Non, avec l’islamisme, on ne finasse pas, jamais !

« Non, avec l’islamisme, on ne finasse pas, jamais. » [1]

Je peux comprendre qu’on soit plus propalestinien que pro-israélien, et même qu’on soit antisioniste ou du moins opposé aux doctrines sionistes. Je peux comprendre que l’on soit particulièrement opposé aux positions de l’actuel Premier ministre israélien et ses dérives racistes, colonialistes ségrégationnistes et antidémocratique. Je comprend qu’on dénonce les unes et les autres, et ne supporte pas qu’ une forme de terrorisme intellectuel les assimile à de l’antisémitisme.
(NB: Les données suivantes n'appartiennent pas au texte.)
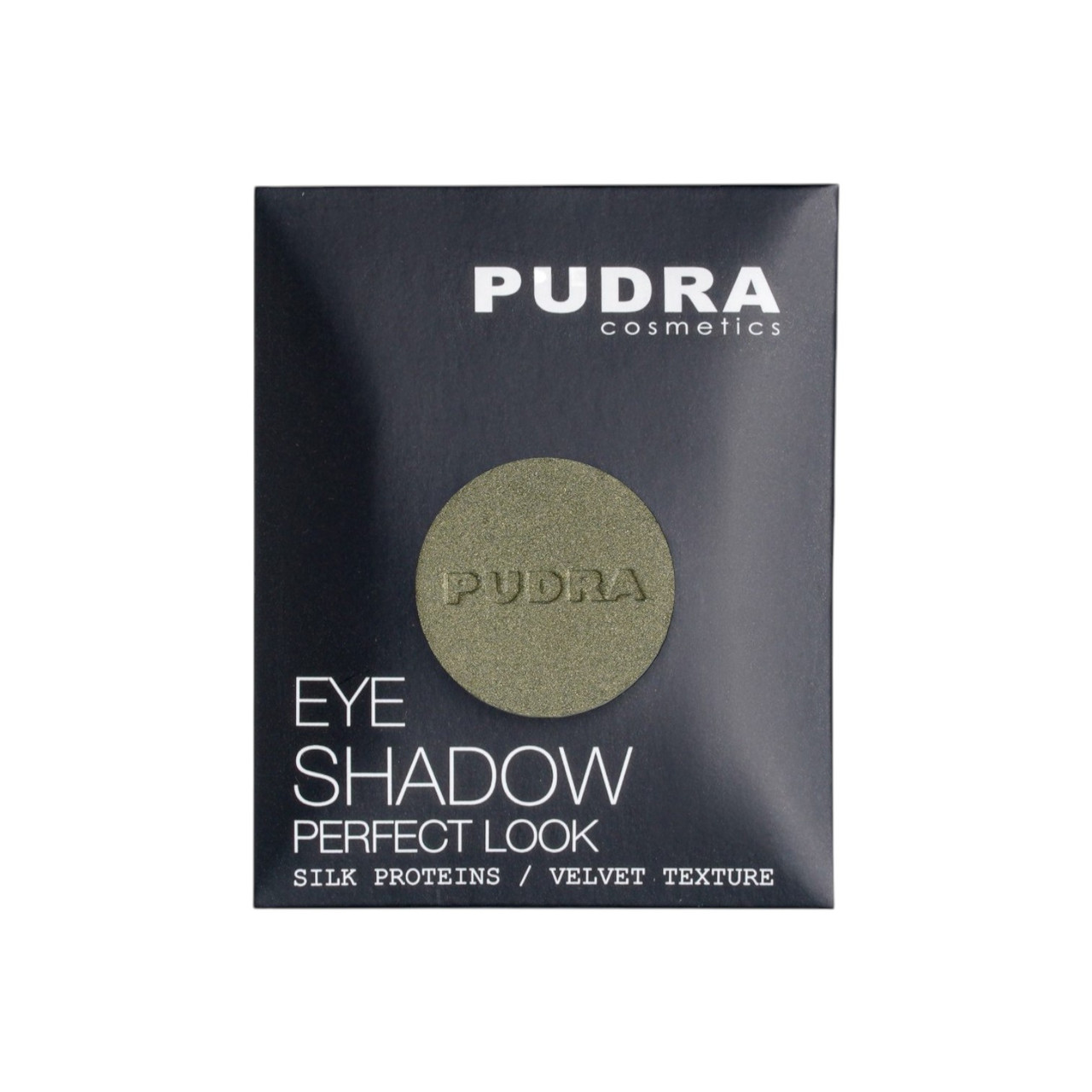 Eyeshadow in Blister Pudra 26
Mais je ne peux comprendre que, sous prétexte de contextualisation, on y trouve des excuses à des actes terroristes perpétrés au cri de « Allah Akbar », soutenu par les mollahs iraniens. La complaisance d’une partie de la gauche vis à vis de l’islamisme, au motif que l’islam est la religion des prolétaires d’aujourd’hui, associe calcul électoraliste et myopie idéologique. L’islamisme est fondamentalement opposé aux sources philosophiques et éthiques de la gauche et, comme pour l’extrême droite, il n’y a pas d’autre solution que de le dénoncer.

Paris, le 9 octobre 2023

[1] J’emprunte ce titre à la déclaration du Printemps républicain désapprouvant la participation de son ancien président Amine El Khatmi à une réunion d’extrême droite, citée par Saïd Benmouffok dans une tribune dans l’Obs et qui, utilisant la vieille technique de l’amalgame, s’essaye à démontrer que les dérives de son ancien porte parole sont la conséquence logique des thèses initiales de l’association (thèses que, pour ma part, je ne partage pas).